I let my mind enter this scene. When I imagined myself inside the den, the coyotes altered their shapes and appeared dressed and standing like humans on two legs, though their faces were still canine. The alpha male wore a hat and puffed ferociously on a cigarette. The coarse tobacco fugged the air and caught in my throat. Inside my vision, the smoker's name came to me; he was Coyote Jack. I knew that his bitch — who now looked like trailerpark trash, in a yellow flimsy dress — was Belle, and their shifty, twitchy pup was Beau.

Coyote Jack gave me a business idea for Joe. He produced a business card that read: COYOTE JACK'S FIX-IT SERVICE.

I was skeptical about this flagrant self-promotion by a notoriously tricky character. But the slogan on the card was irresistible: NO PROBLEM TOO TRICKY.

This was rich. I would have laughed harder except that Coyote Jack was now deliberately huffing cigarette smoke down my throat. This was an entirely real experience; I had a brief coughing fit.

Now Coyote Jack outlined the basics of his business plan. Joe should start moonlighting as a freelance all-purpose fix-it man. He could pass out his business card at workshops like mine. He would develop a client base, and when he retired he would be set to launch a self-employed business. I saw Joe happily driving a van with the slogan NO PROBLEM TOO TRICKY and a stand-up coyote on the side. At this point in his possible future, Joe had made fun, interesting friends, and his social life had really picked up. I saw him chatting up a waitress in a diner who was a real fox to him (but no doubt a coyote girl); he would know her because she would press him to try the carrot cake.

When I had taken a long drink of water to cool my throat, I recounted my vision of Coyote Jack and his business plan to Joe, the maintenance guy. Joe became quite excited as he played with the phrase “No Problem Too Tricky” and the manifold possibilities. As the story circulated among the weekend group, several participants wanted to hire Joe for handyman jobs. He seemed to be on his way.

Shakespeare's New Play

Eric Wolff, a gifted and compassionate Manhattan psychotherapist who attended one of my seminars, grew a vision to help Buck, a client and friend who was dying of cancer, to prepare to meet death with courage and grace. Eric sent me an account of how he subsequently sat at his friend's bedside in Memorial Sloane Kettering Cancer Center and asked his permission to tell a dream:

“I sat down next to him on the hospital bed and held his hand in mine as I told him the dream. He had his eyes closed and he listened intently with his head slightly raised.

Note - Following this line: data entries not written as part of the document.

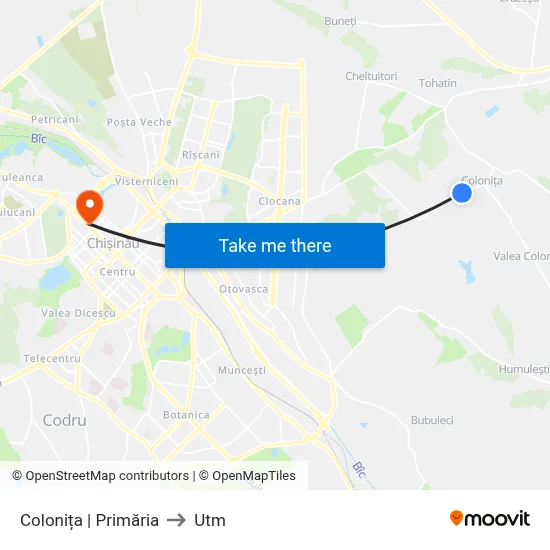 Colonița | Primăria to Utm map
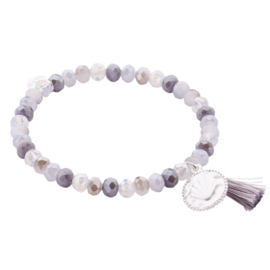 Biba bedelarmband grijs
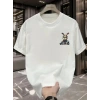 Biçomi Baskılı Oversize Bisiklet Yaka T-shirt - Beyaz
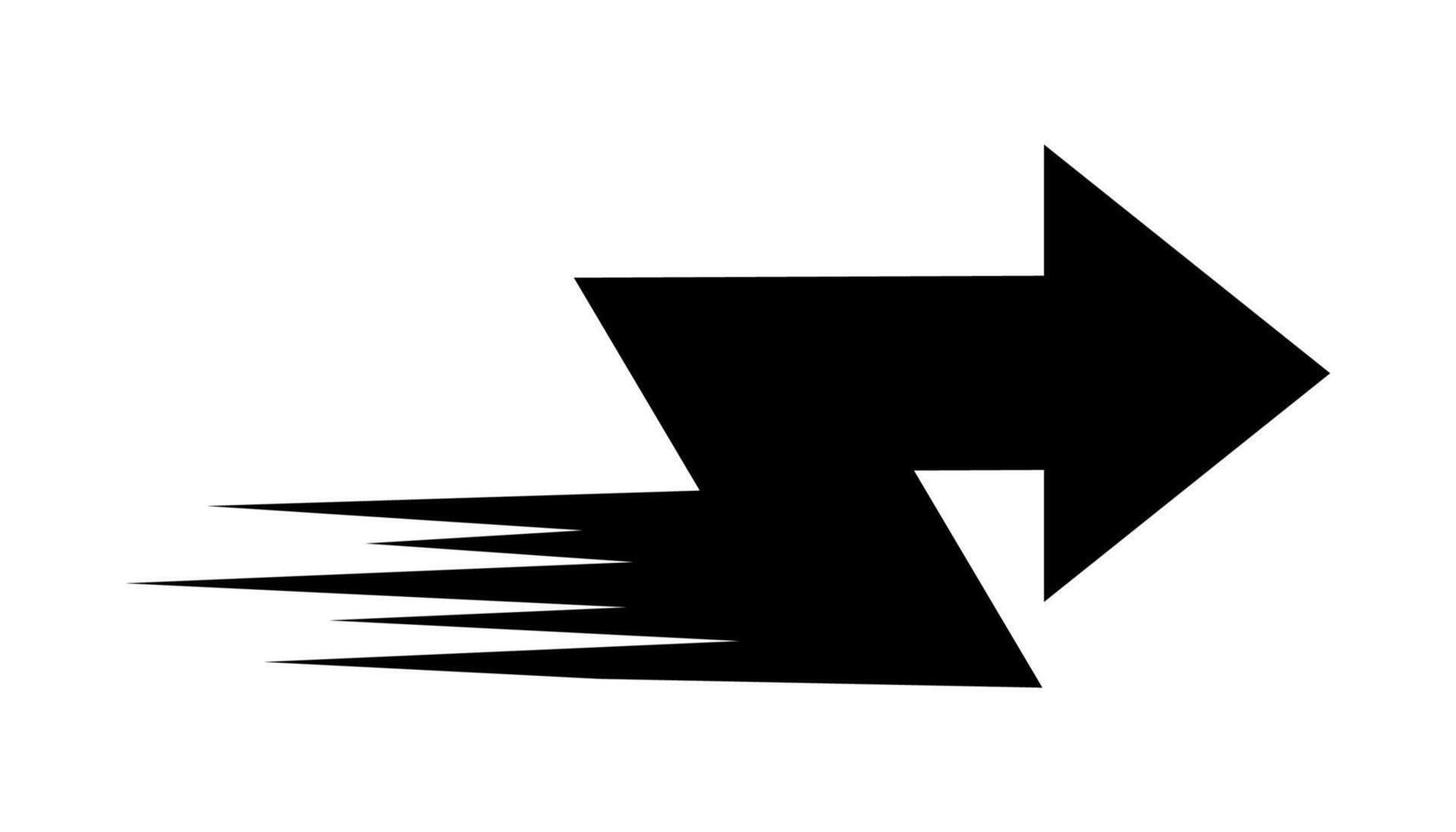 Right arrow icon with fast speed effect. Illustration designed for modern abstraction with symbols of speed, rush, progress, energy. Fast right arrow movement symbol on a white background. vector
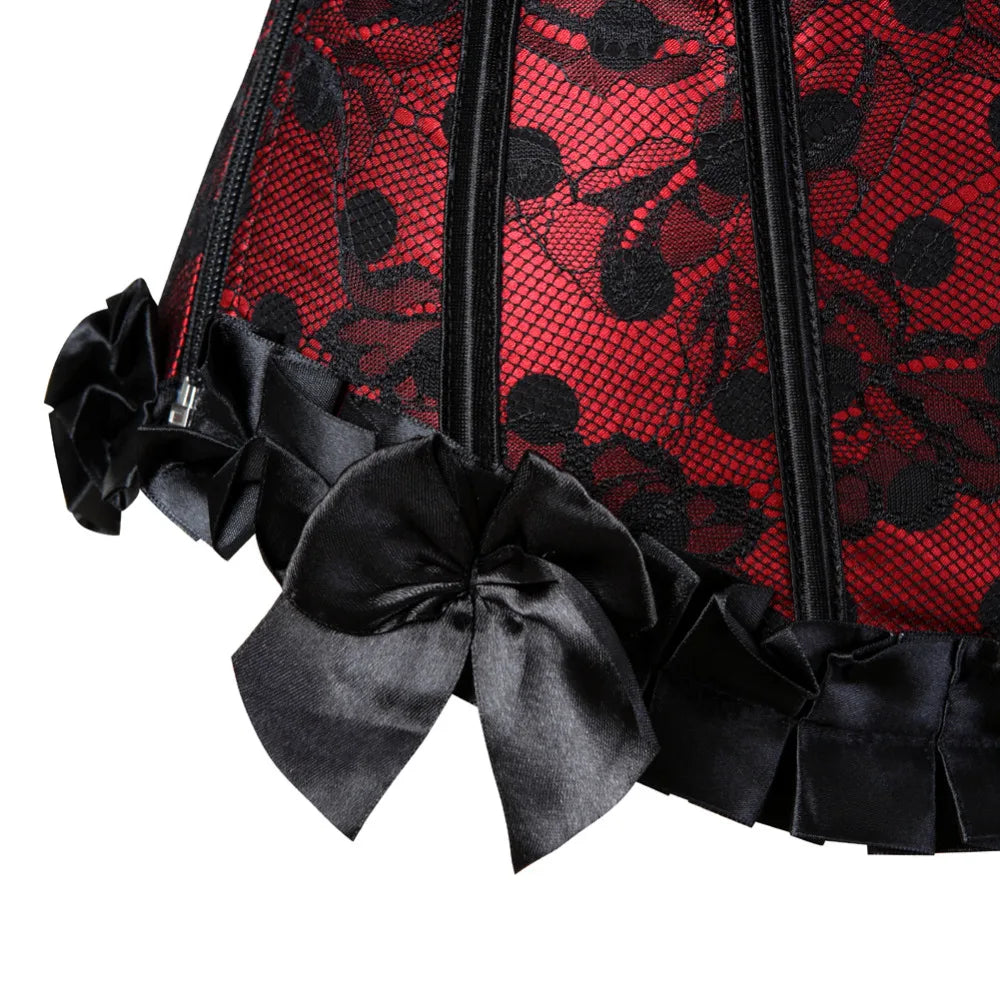 Red and Black Polka Dot Overbust Corset with Lace Overlay and Ruffled Trim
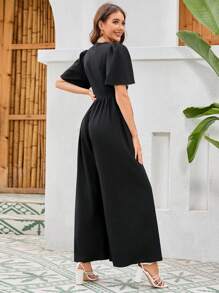 Seusyu 女士幾何圖案v領泡泡袖連身褲,帶口袋和側邊條紋 - 黑色 - 查看 2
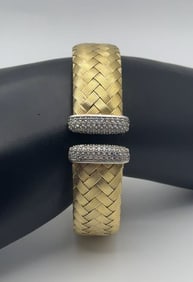 JCM Italy Sterling Silver Cubic Zirconia Bracelet Bracelet Measures 5"  Bracelet Weighs 37.2 Grams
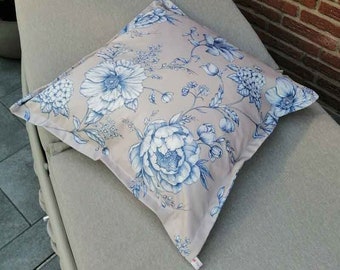 Federa Beige con fiori blu in cotone rivestito - Cuscino da esterno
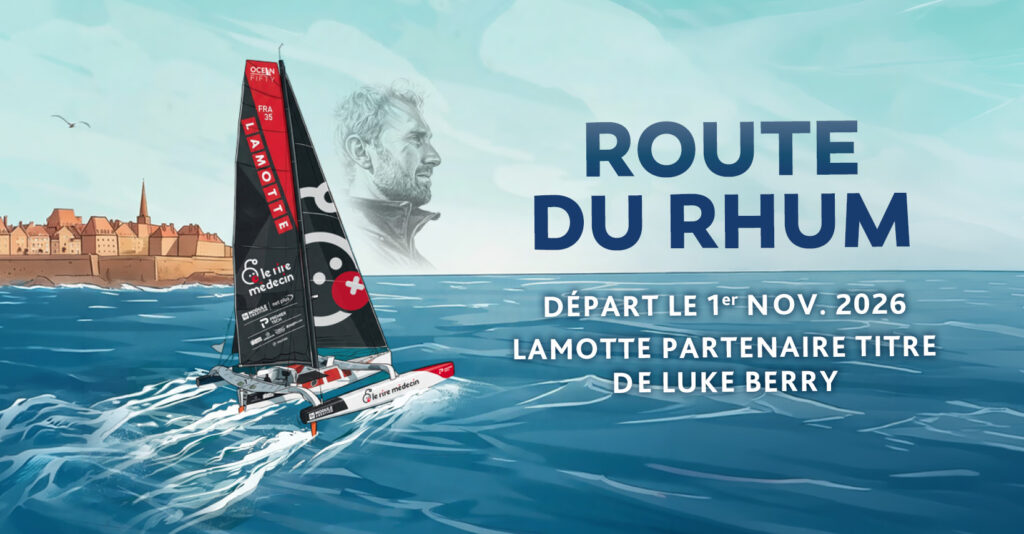 Visuel du Groupe Lamotte pour la Route du Rhum 2026, aux côtés de Luke Berry et du Rire Médecin
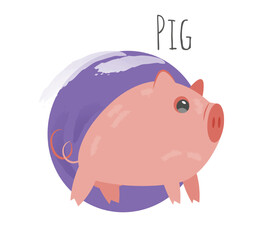 Chinese horoscope icon. Sticker with cute sacred animal symbol of asian oriental new year. China pig mascot for social media and web. Cartoon flat vector illustration isolated on white background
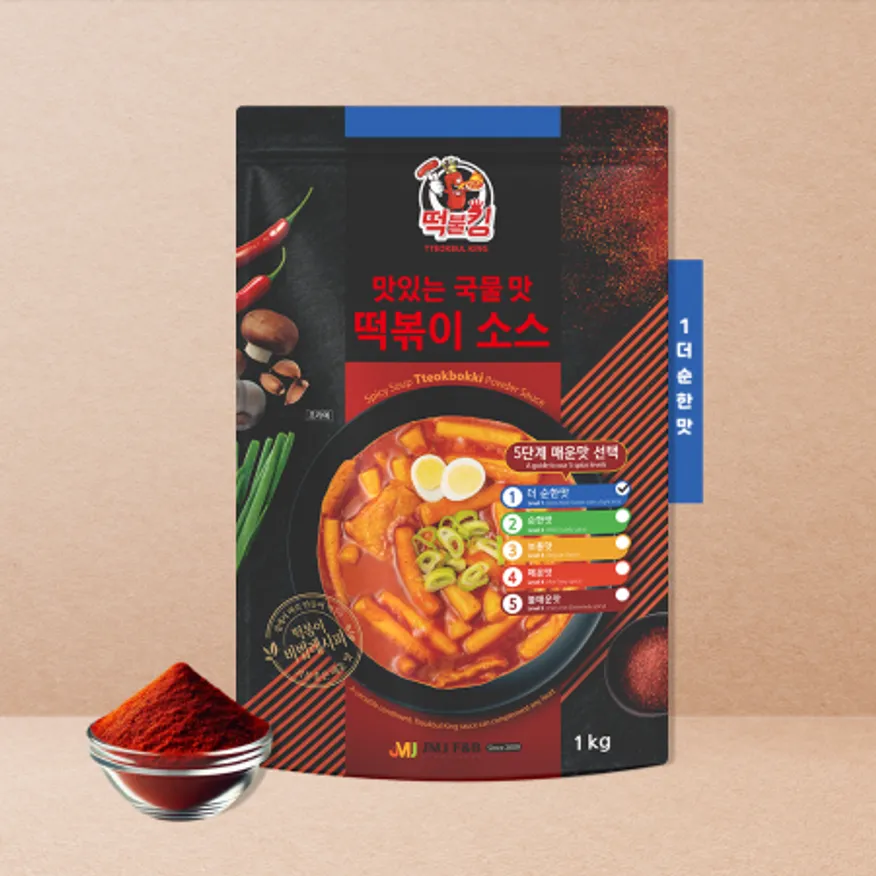 국물 떡볶이 & 라볶이 소스 업소용 1단계 더순한맛(달달 매운맛)1kg 20~25인분용 이미지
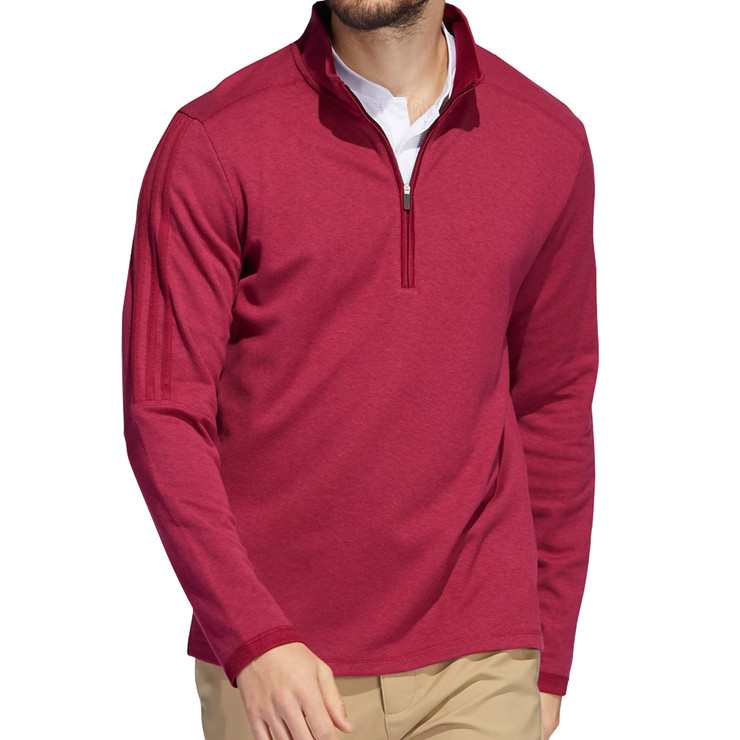 Adidas Golf Men's 3-Stripe Quarter-Zip Pullover Layering Piece ...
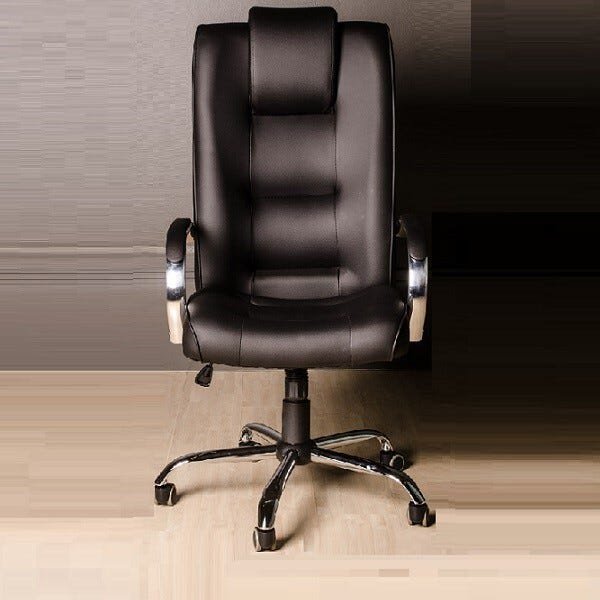 Cadeira de Escritório Giratória Presidente Classic Preta Base Cromada C/ Relax (100% Nacional) - 2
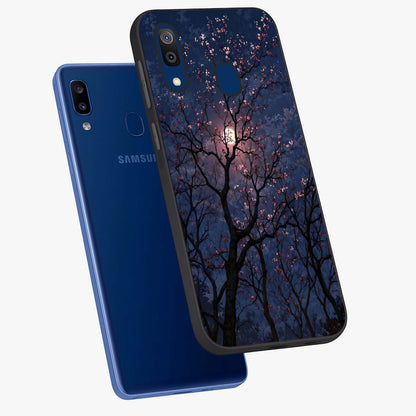 Twilight Sakura Serenade Glass Case displayed in angled mockup highlighting delicate sakura flower design with dreamy aesthetic.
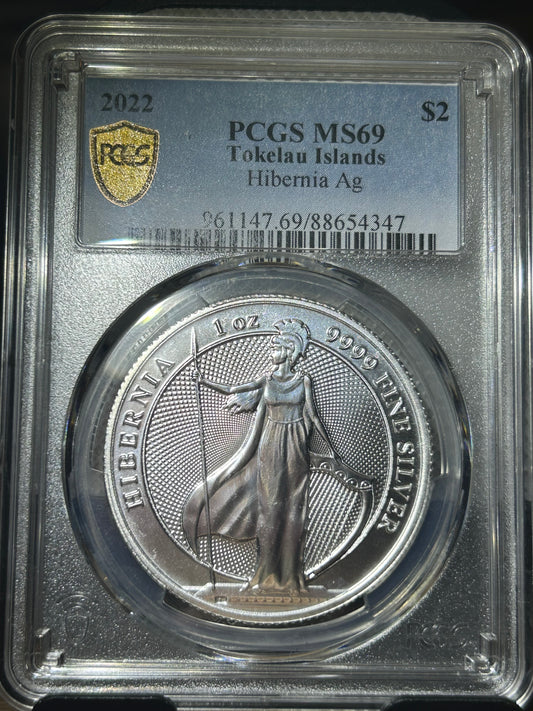 2022年托克勞發行
Hibernia 女神9999一安土銀幣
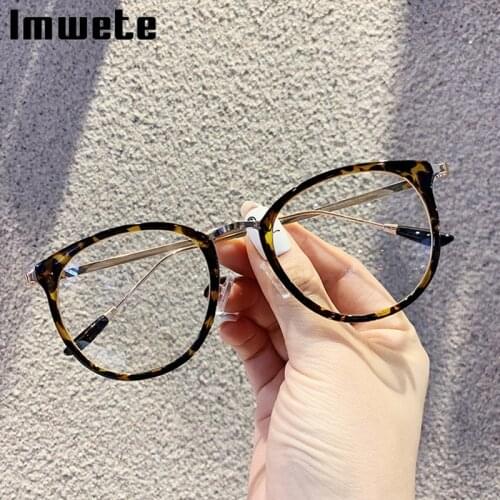 Imwete New Optical Glasses Frame Women Men Oversized Round Eyeglasses Metal Frames Computer Gaming Spectacles Fake Black Glass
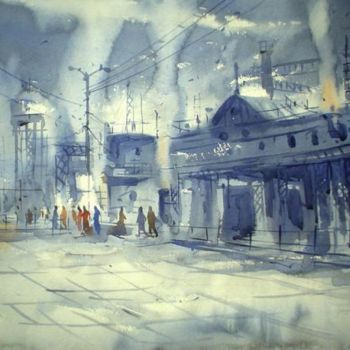 Painting titled "cityscape12" by Kishore Singh, Original Artwork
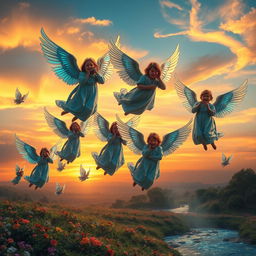 A surreal scene depicting angels gracefully falling from the sky, their ethereal wings shimmering with iridescent hues of blue and gold
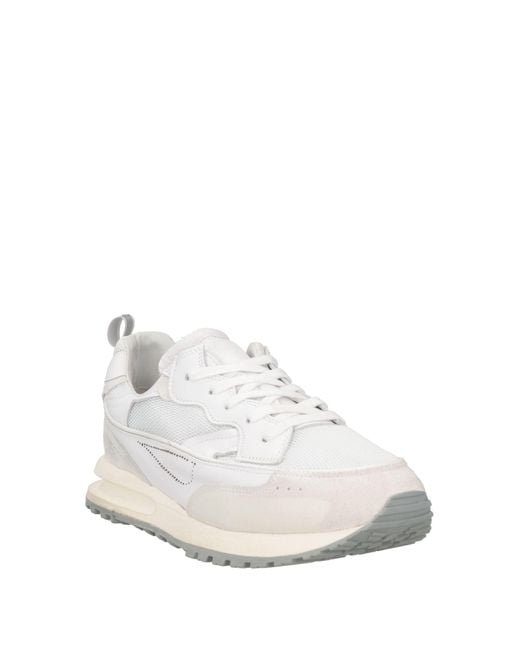 HIDNANDER White Sneakers Leather, Textile Fibers for men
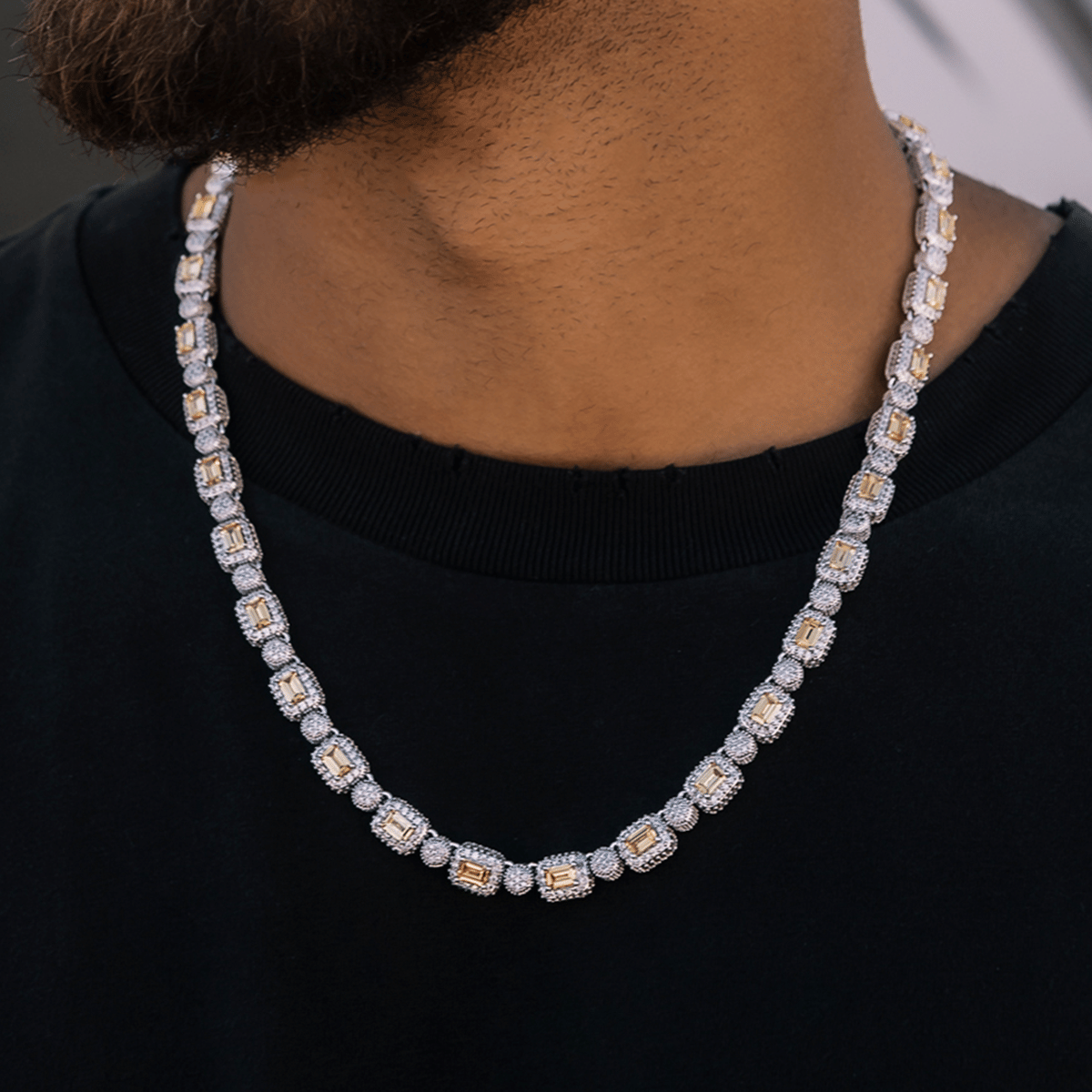 GLD Men Canary Baguette Pave Tennis Chain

“Here is the death dream that he used so well:

“Buck is lying on his deathbed surrounded by his closest friends. I am in this circle, and we are sitting around him and doing a reading of a Shakespeare play. While we are doing this, Buck crosses over. When he arrives on the other side a cheering throng greets him. He is ushered into a grand hall, where he dances from one to another reveler until he finally reaches the front of the hall. There are his parents, excited and proud to see him. They sit him in a throne as the guest of honor, facing the gathering. The crowd parts, and there stands William Shakespeare. He removes his hat, bows, and says, ‘Buck, I present for your enjoyment my newest play. After the performance I would be honored by your company so that I can hear your opinions of it.’

“The play is performed and afterward Shakespeare and Buck go off arm in arm.”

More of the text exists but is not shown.